摩多羅神 (Matarashin)
摩多羅神(またら・しん、あるいは摩怛利神:またりしん)は、天台宗、特に玄旨帰命壇における本尊で、阿弥陀経および念仏の守護神ともされる。
『渓嵐拾葉集』第39「常行堂摩多羅神の事」では、天台宗の円仁が中国(唐)で五台山の引声念仏を相伝し、帰国する際に船中で虚空から摩多羅神の声が聞こえて感得、比叡山に常行堂を建立して常行堂へ勧請し、常行三昧を始修して阿弥陀信仰を始めたと記されている。
しかし摩多羅神の祭祀は、平安時代末から鎌倉時代における天台の恵檀二流によるもので、特に檀那流の玄旨帰命壇の成立時と同時期と考えられる。
この神は、丁礼多・膩子多(ていれいた・にした)の2童子と共に三尊からなり、これは貪・瞋・癡の三毒煩悩の象徴とされ、衆生の煩悩身がそのまま本覚・法身の妙体であることを示しているという。
江戸時代までは、天台宗における灌頂の際に祀られていた。
民間信仰においては、大黒天(マハーカーラ)などと習合し、福徳神とされることもある。
また一説には、広隆寺の牛祭の祭神は、源信僧都が念仏の守護神としてこの神を勧請して祀ったとされ、東寺の夜叉神もこの摩多羅神であるともいわれる。
形象
一般的にこの神の形象は、主神は頭に唐制の頭巾を被り、服は和風の狩衣姿、左手に鼓、右手でこれを打つ姿に描かる。

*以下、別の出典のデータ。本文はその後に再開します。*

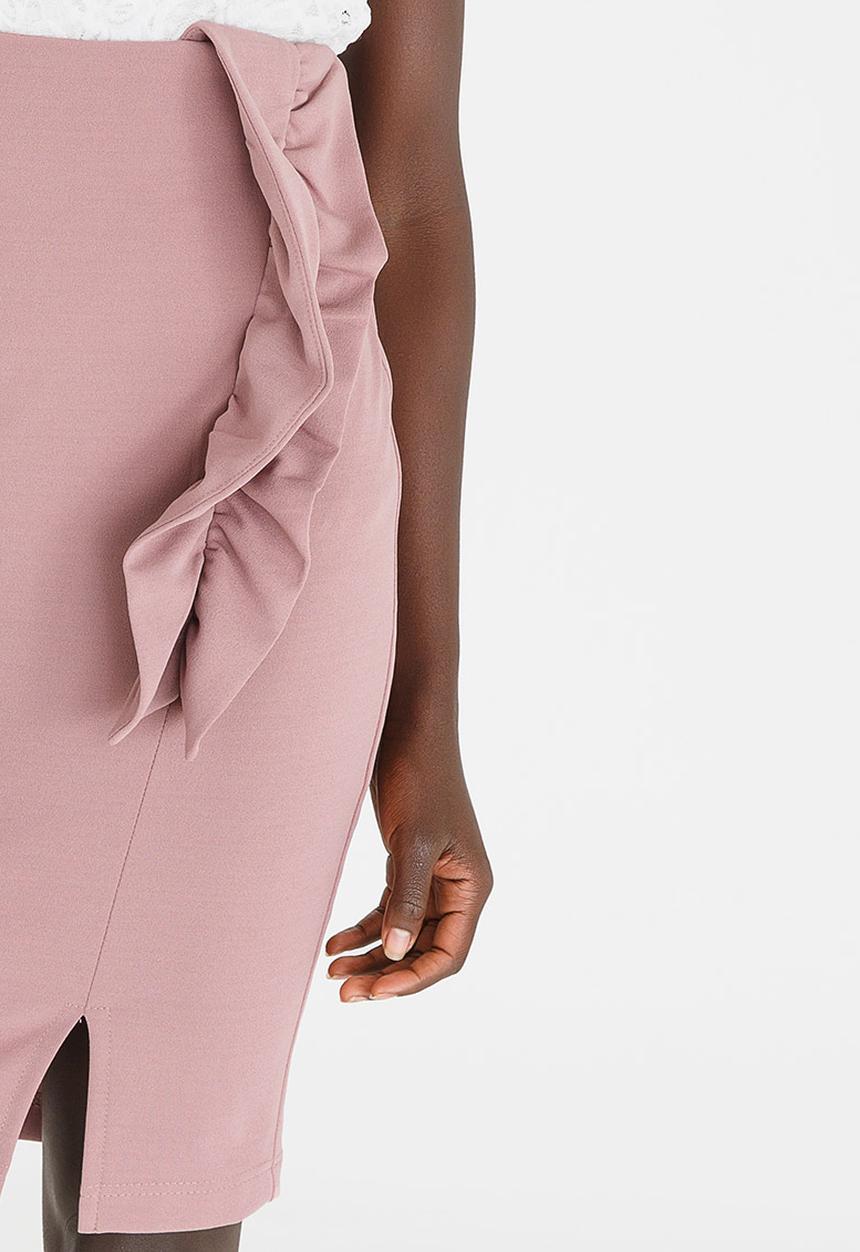 edit - Midi Skirt with Frills Pale Purple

また左右の丁礼多・膩子多の2童子は、頭に風折烏帽子、右手に笹の葉、左手に茗荷を持って舞う姿をしている。
また中尊の両脇にも竹と茗荷があり、頂上には雲があり、その中に北斗七星が描かれる。
これを摩多羅神の曼陀羅という。
なお、大黒天と習合し大黒天を本尊とすることもある。
祭礼
この神の祭礼としては、京都広隆寺大辟神社の牛祭が知られる。